Politicians and academics have, as ever, put it all into elegant doubletalk that omits the unsavory bits and pieces, most famously in the 2008 Prague Declaration, which boasts the word “same” five times, insisting that Europe overhaul its history textbooks to reflect the new construct, that there be a unitary day for victims of Nazism and Communism, and most Orwellian of all, that the two regimes “must inform all European minds to the same extent.” (Full disclosure: I am proud to be a co-author of the European parliamentary response, the 2012 Seventy Years Declaration). The political motivation comes in part from ultranationalist efforts to expunge from history the massive volunteer killer forces Hitler found in parts of Eastern Europe, and in part from hatred of all things Russian, following the many decades of suffering under Soviet misrule.

But back to last Friday…

There were 115 votes for the UN resolution, those three against, as well as the 55 abstentions that included all of the European Union. The abstentions were eerily understandable because the resolution was moved by Russia, which is now entangled in the Ukraine conflict and has dubious and mixed motives at best for playing the cards of history. But by joining the Ukrainians in voting “No,” the United States and Canada have ignominiously put their seal of approval on the glorification of Nazi perpetrators and collaborators in some of the new eastern states in the European Union. In recent years, the cringe-inducing catalogue includes honoring of the Waffen SS in Estonia and Latviareburial with full honors of the Nazi puppet prime minister in Lithuania, and attempts to sanitize Hungary’s collaborators. (It is important to remember that these policies, championed by nationalist elites, do not reflect on the general populations of these countries, which have all become successful modern democracies, whose people’s suffering under communism verily deserves much more recognition worldwide, and whose inspiring young people are busy building a better future for all.)

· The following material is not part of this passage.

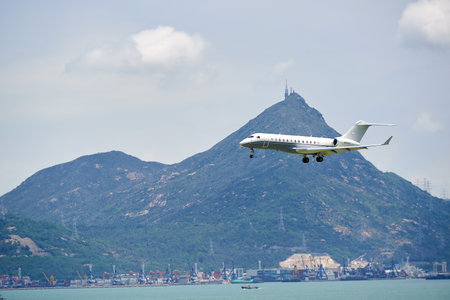 HONG KONG - JUNE 04, 2015: Bombardier Global Express aircraft landing at Hong Kong airport. The Bombardier Global Express is a large cabin, ultra long range business jet manufactured by Bombardier Aerospace in Toronto, Ontario, Canada.のeditorial素材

Nowhere  has the situation been worse than in the non-EU, non-NATO and deeply divided Ukraine, whose nationalist elites glorify, among others, the major Holocaust mass murderer, Stepan Bandera, and his associated fascist groups, that have the blood of at least tens of thousands of Jews (and Poles) on their hands (in reality, rather more than that). Current scholarship by diverse specialists, including John-Paul Himka, Grzegorz Rossolinski-Liebe and Per Anders Rudling only confirms what was long known, notwithstanding the lame apologetics being mounted by the US State Department and driven by the American neo-Conservatives in the zeal of “Be against Russia on every last issue.” Putin’s Russia has acted disgracefully on many counts, and must be held accountable, but attempts to cover for the pro-Hitlerist (and inherently racist and anti-Semitic)  revisionism in parts of “anti-Russia” Eastern Europe by falsifying history and turning a blind eye to the concomitant rampant racism and anti-Semitism are a wrong way forward.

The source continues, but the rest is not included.